Western Front launches digitized Literary Collection
Western Front has announced the launch of a newly digitized Literary Collection—the culmination of a year-long project.
The launch event on Tuesday, November 24, 2015 at 7 pm marks the public release of an online showcase featuring more than 50 works from the archive. Amy De’Ath, a poet and PhD student at SFU, will contextualize this look back on the influence of the Literary scene at the Western Front.
The Western Front’s Literary Collection Archive documents a successful series of literary events called Monday Night Readings.

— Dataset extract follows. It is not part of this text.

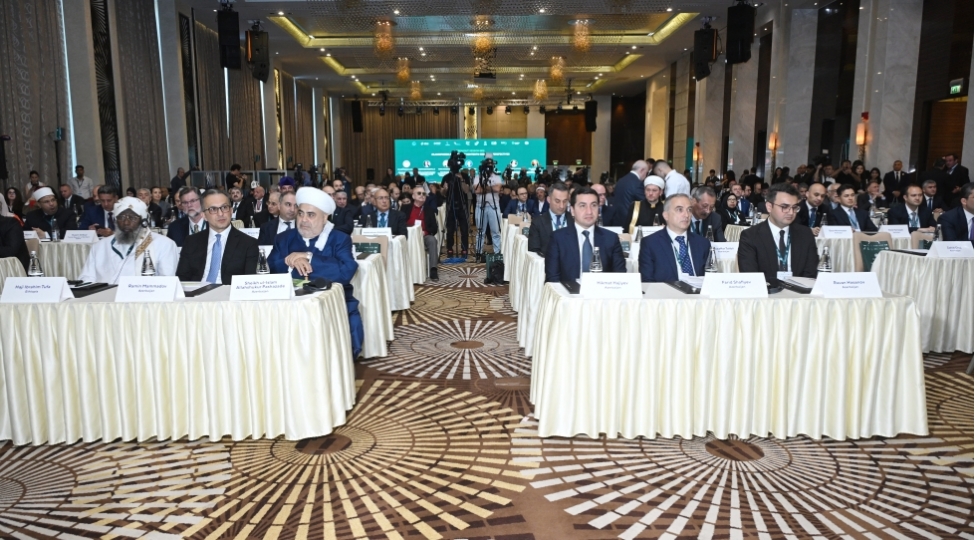 azerbaycan-butun-xalqlarin-boyuk-gozel-ailesidir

It began in January 1974 and curators included Gerry Gilbert, Mary Beth Knechtel, and Charles Watts and the Western Front archives from the period include Gladys Hindmarch, Carole Itter, Roy Kiyooka, Daphne Marlatt, Jamie Reid, Fred Wah, the Four Horsemen and many others.
In addition to a ‘reading from the archive’ selected by De’Ath, the event will feature a guest reading by poet Dorothy Trujillo Lusk and archival appearances by: Kathy Acker, bill bissett, Gerald Creed, Peter Culley, Jeff Derksen, Deanna Ferguson, Maxine Gadd, Gladys Hindmarch, Roy Kiyooka, Monica Holden Lawrence, Steve MacCaffery, Susan Musgrave, bpNichol, Jamie Reid, Lisa Robertson, Nancy Shaw, Sharon Thesen, Fred Wah, Anne Waldman and Tom Wayman.
This launch also marks a couple interesting milestones:
First of all, the launch is part of the inaugural Vancouver Independent Archives Week. An initiative of grunt gallery, VIVO Media Arts Centre, and Western Front (with support from the Vancouver Foundation) the event aims to build direct community awareness and interaction with artist-run centre (ARC) archives in the Vancouver. The inaugural week-long event runs from November 22–28, 2015, and a full list of events can be found at archivesweek.ca.
Secondly, the Literary Collection Archive is the pilot project for Western Front’s in-house video digitization program. The current media archive is at risk due to obsolete formats and deteriorating tape stocks. But preservation, digitization, and storage cost money. To help preserve their huge archive, they have been raising funds through the Minute By Minute campaign. Supporters can donate dollar amounts—for example, $25 supports 5 minutes of footage—which directly help the works to be restored, digitized, and made publicly available.